Records provided
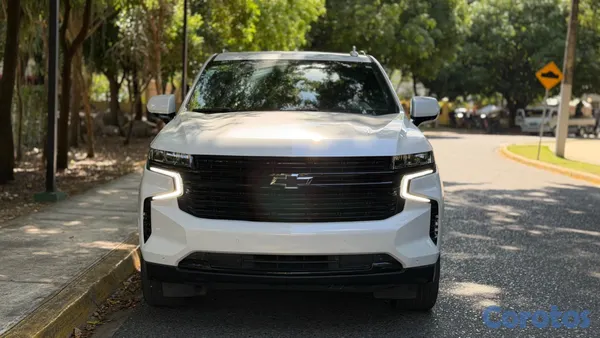 2025 Chevrolet Tahoe — foto 8 / 14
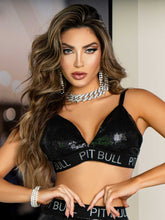 Top di paillettes e logomania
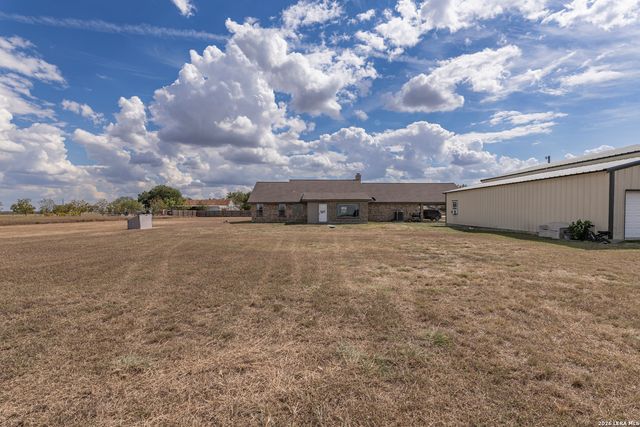 1867 Fm 758, New Braunfels, TX 78130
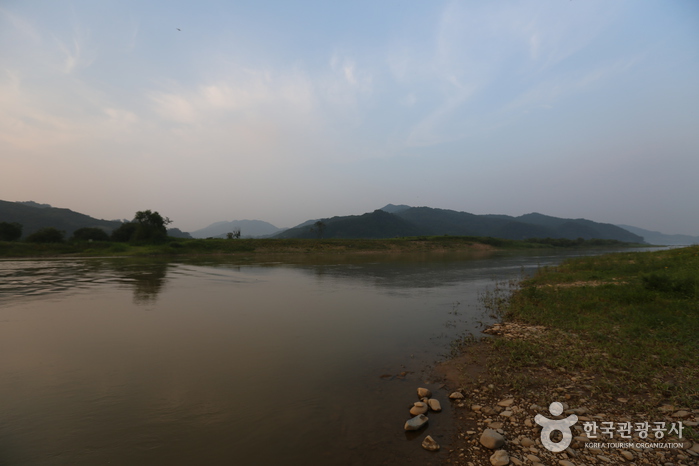 충북 여행코스 생활 속에 녹아든 예술과 자연을 만나다. 충주 민속공예거리 코스
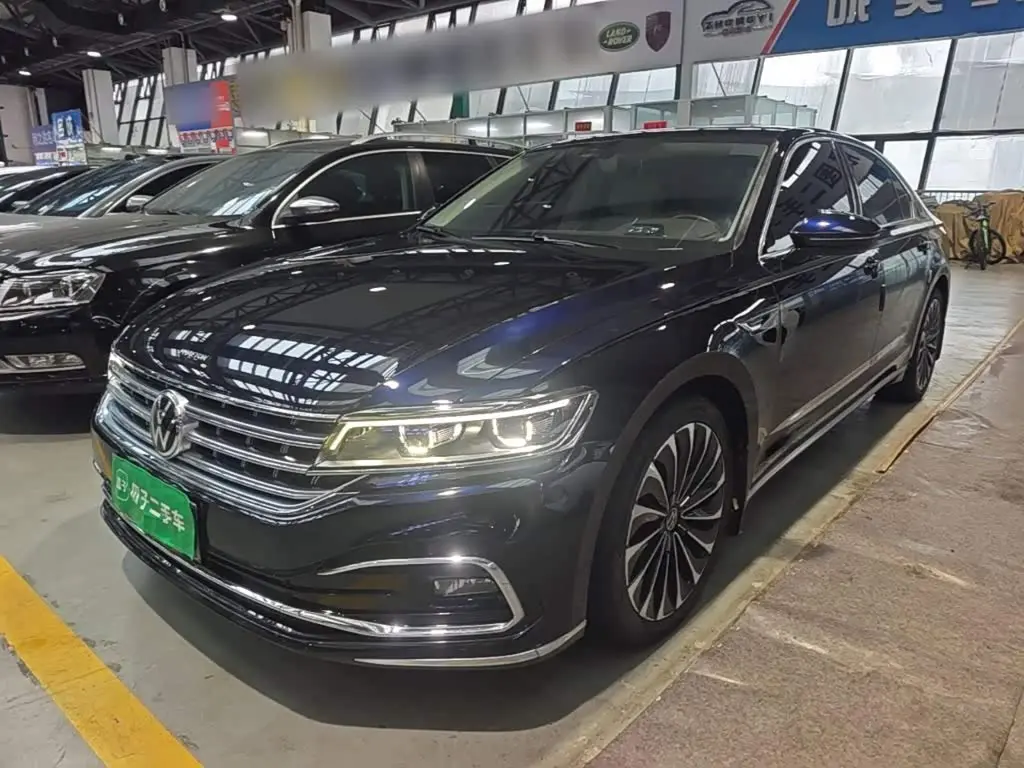 Volkswagen Phideon 2021 — Photo 1/20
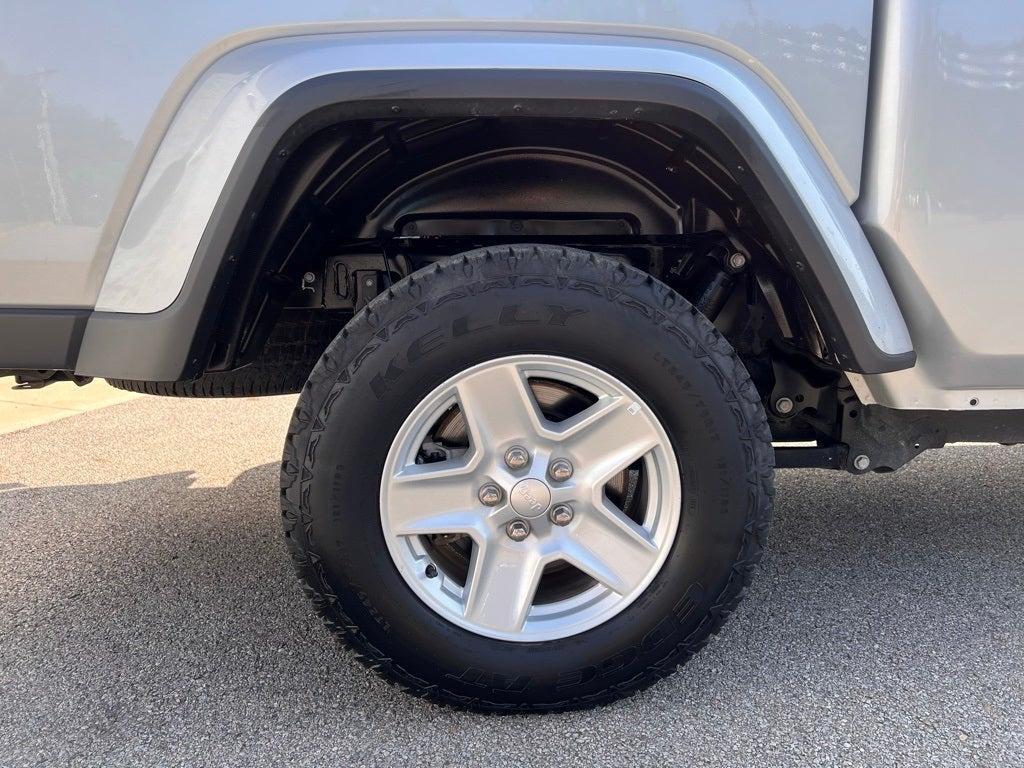 used 2023 Jeep Gladiator car, priced at $29,500
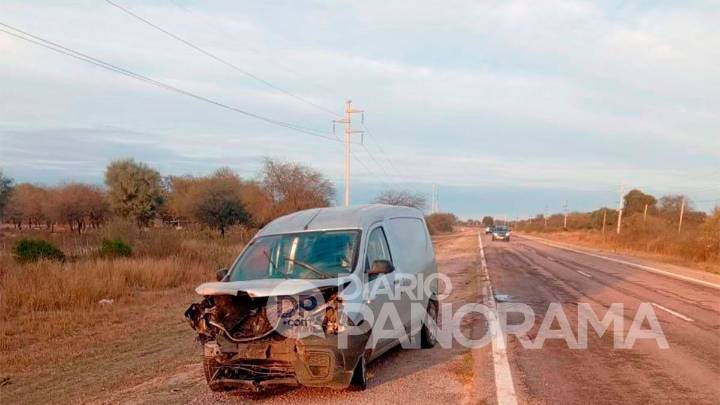 Una camioneta chocó contra un animal en plena Ruta 89 y terminó con importantes daños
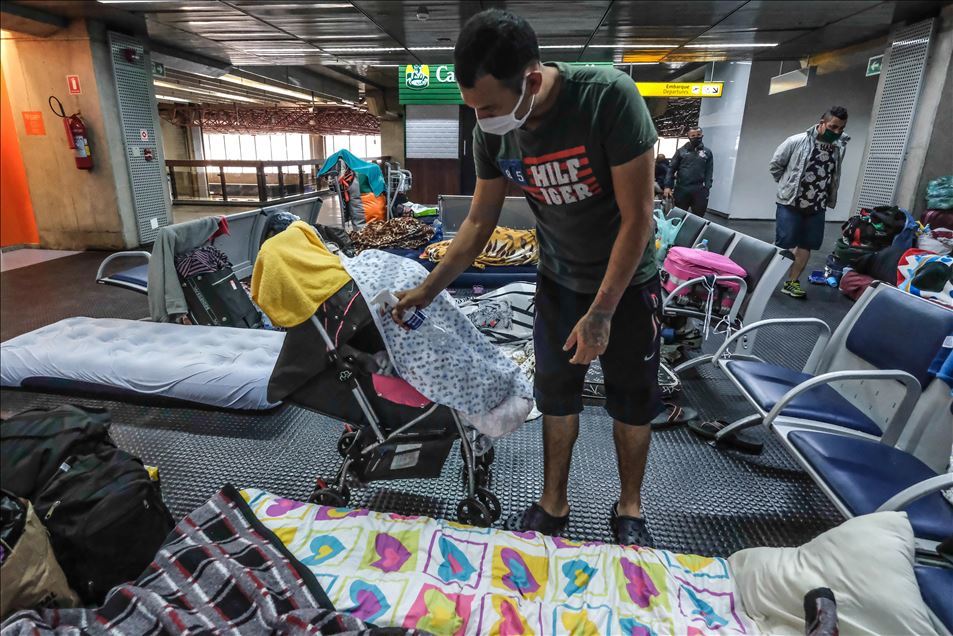 Así se encuentran los colombianos atrapados en Brasil, llevan dos semanas durmiendo en el aeropuerto de Sao Paulo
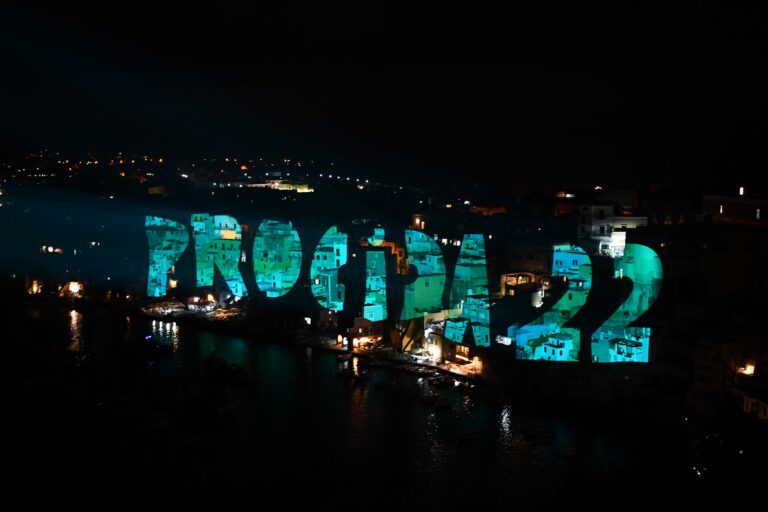 PROCIDA 2022, IL SALUTO DELLA CAPITALE È UN INNO AL FUTURO: BICI, VOLONTARI E INSTALLAZIONI LUMINOSE PER LA CHIUSURA DI UN ANNO STRAORDINARIO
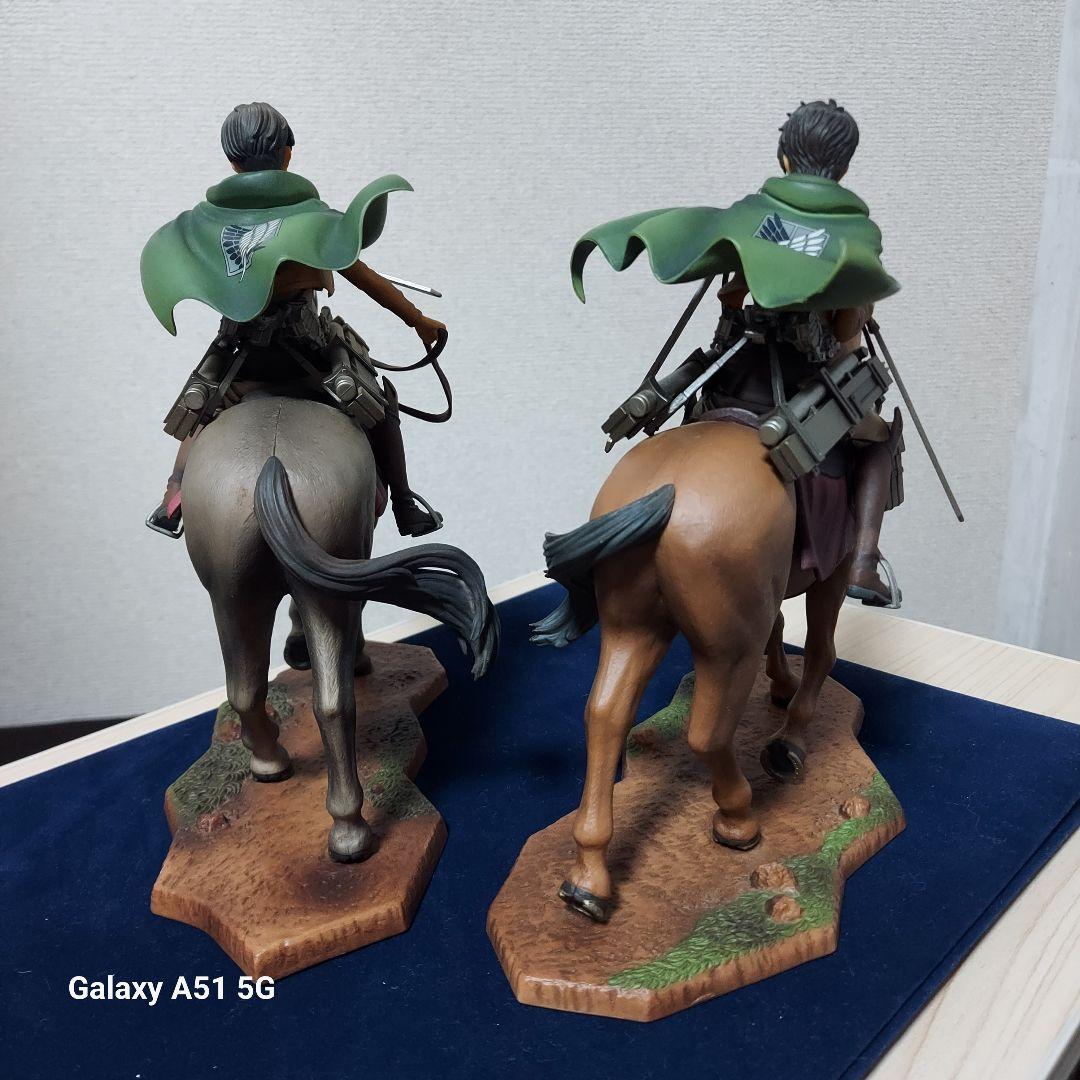 進撃の巨人　エレン リヴァイ 騎馬フィギュア　2体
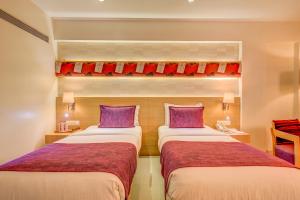 The SSK Solitaire Hotel & Banquets客房内的一张或多张床位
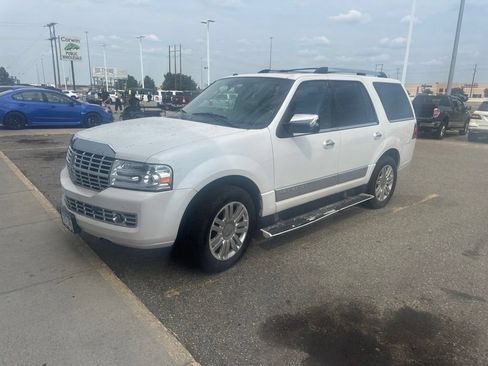 Used 2013 Lincoln Navigator 4WD w/ HD Trailer Tow Pkg image 8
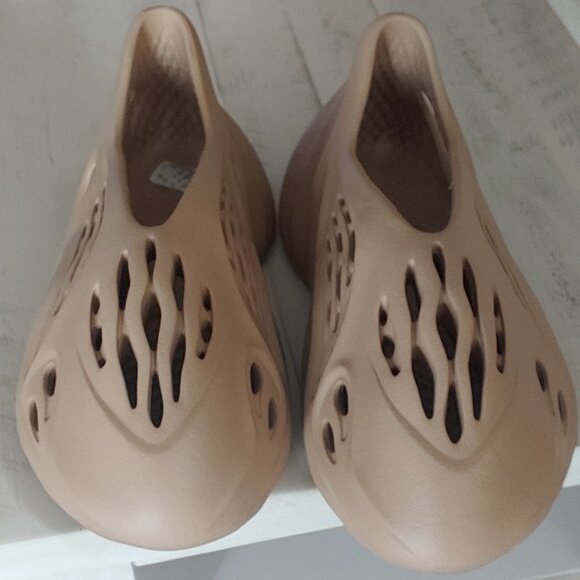 Yeezy Foam Runners 5Y - Picture 1 of 4
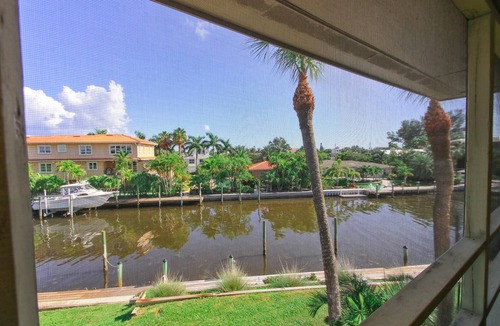Holmes Beach Condo | Coastal Chic Waterfront Condo Anna Maria Island Westbay Point 195 Holmes Beach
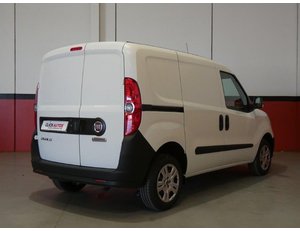 
										FIAT DOBLO CARGO 1.3 MJET 95CV SX full									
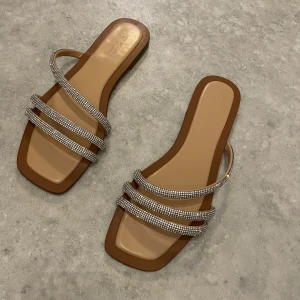 Sandaler - Aldrig använda! 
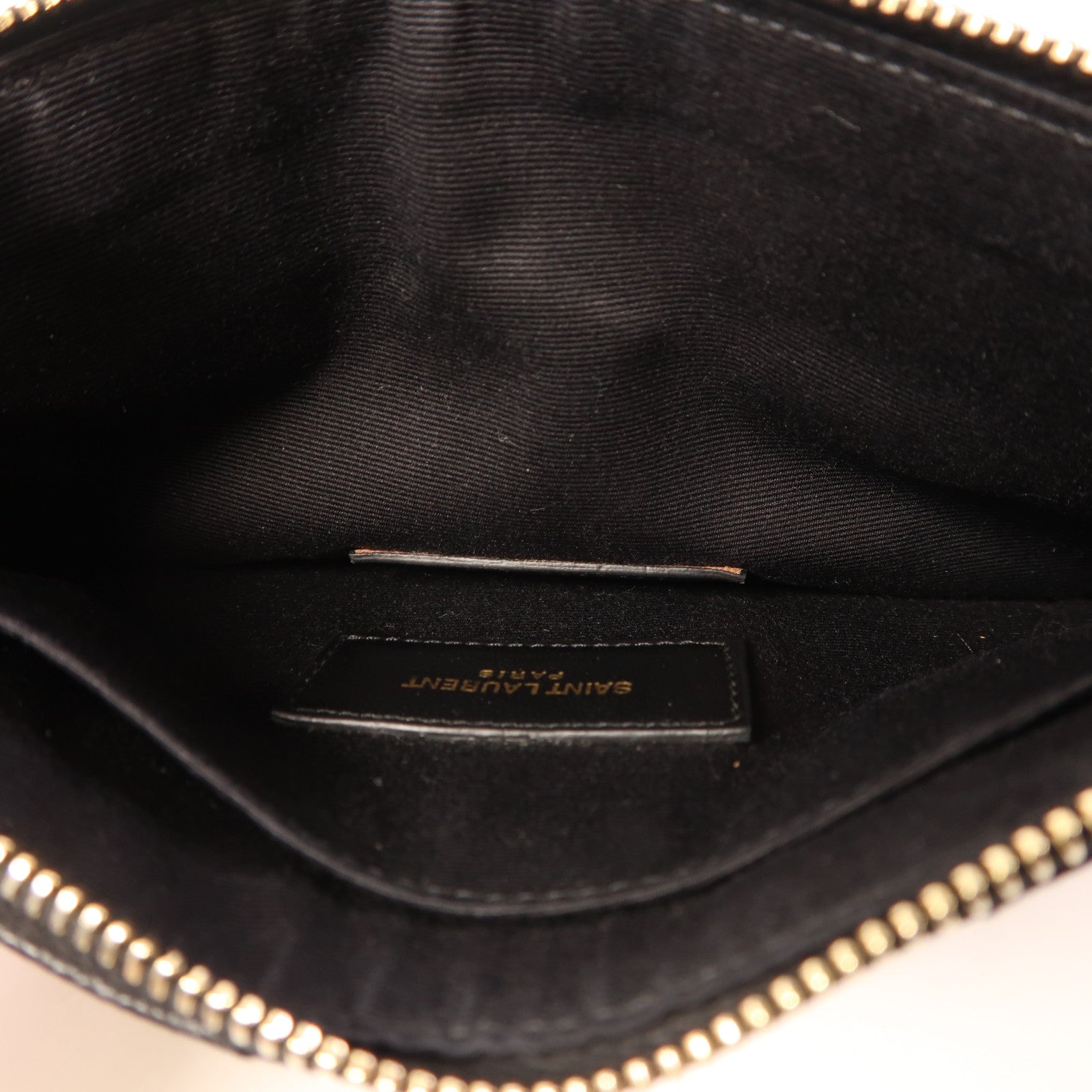 YVES SAINT LAURENT 牛皮皮革Pouch金扣手拿包
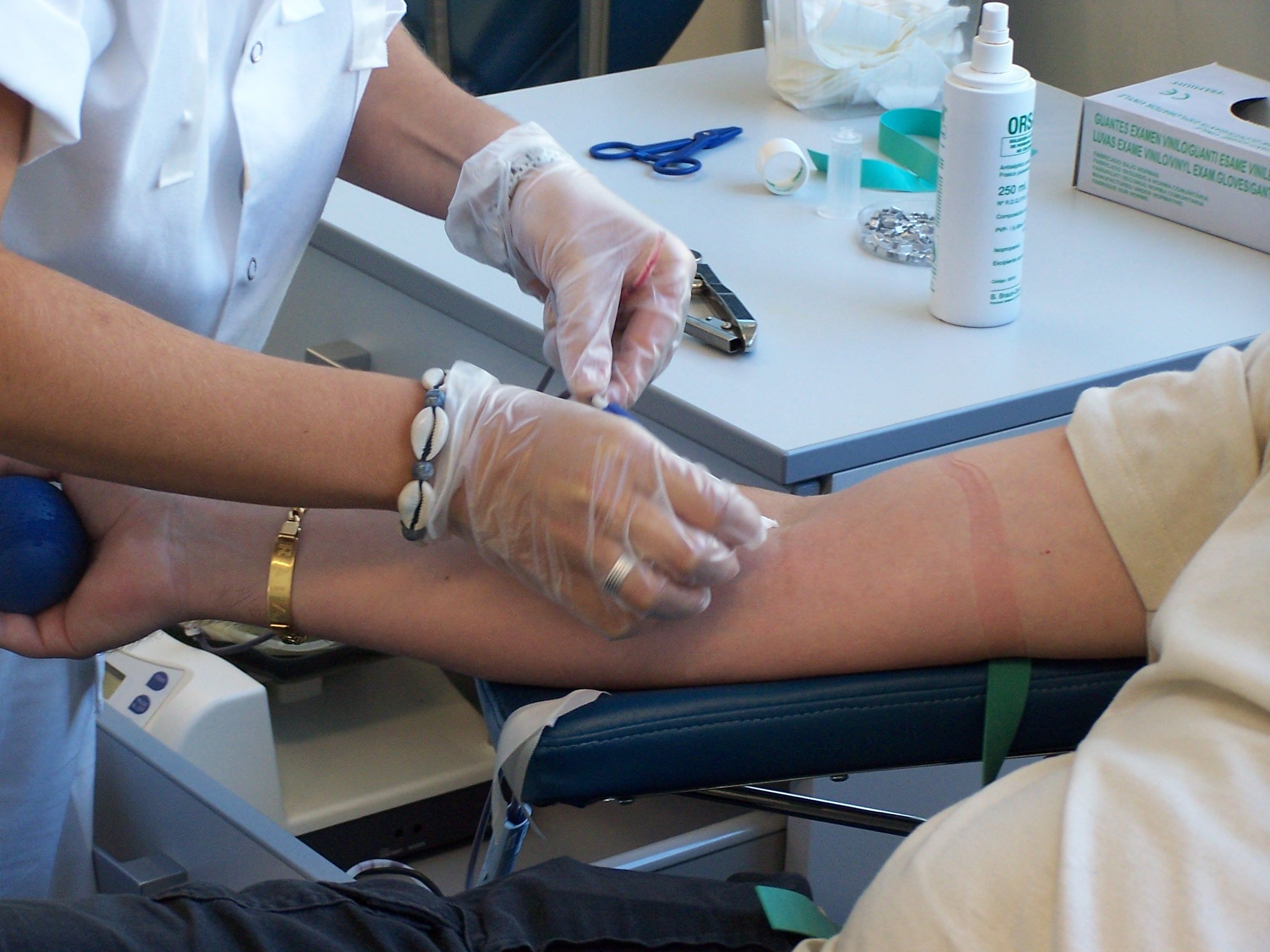 Persona donando sangre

Task objective
Please copy the records above word for word, omitting every picture.

Exercise response
 2025 Chevrolet Tahoe — foto 8 / 14
 Top di paillettes e logomania
 1867 Fm 758, New Braunfels, TX 78130
 충북 여행코스 생활 속에 녹아든 예술과 자연을 만나다. 충주 민속공예거리 코스
 Volkswagen Phideon 2021 — Photo 1/20
 used 2023 Jeep Gladiator car, priced at $29,500
 Una camioneta chocó contra un animal en plena Ruta 89 y terminó con importantes daños
 Así se encuentran los colombianos atrapados en Brasil, llevan dos semanas durmiendo en el aeropuerto de Sao Paulo
 PROCIDA 2022, IL SALUTO DELLA CAPITALE È UN INNO AL FUTURO: BICI, VOLONTARI E INSTALLAZIONI LUMINOSE PER LA CHIUSURA DI UN ANNO STRAORDINARIO
 進撃の巨人　エレン リヴァイ 騎馬フィギュア　2体
 The SSK Solitaire Hotel & Banquets客房内的一张或多张床位
 Used 2013 Lincoln Navigator 4WD w/ HD Trailer Tow Pkg image 8
 Yeezy Foam Runners 5Y - Picture 1 of 4
Holmes Beach Condo | Coastal Chic Waterfront Condo Anna Maria Island Westbay Point 195 Holmes Beach
										FIAT DOBLO CARGO 1.3 MJET 95CV SX full									
 Sandaler - Aldrig använda! 
 YVES SAINT LAURENT 牛皮皮革Pouch金扣手拿包
 Persona donando sangre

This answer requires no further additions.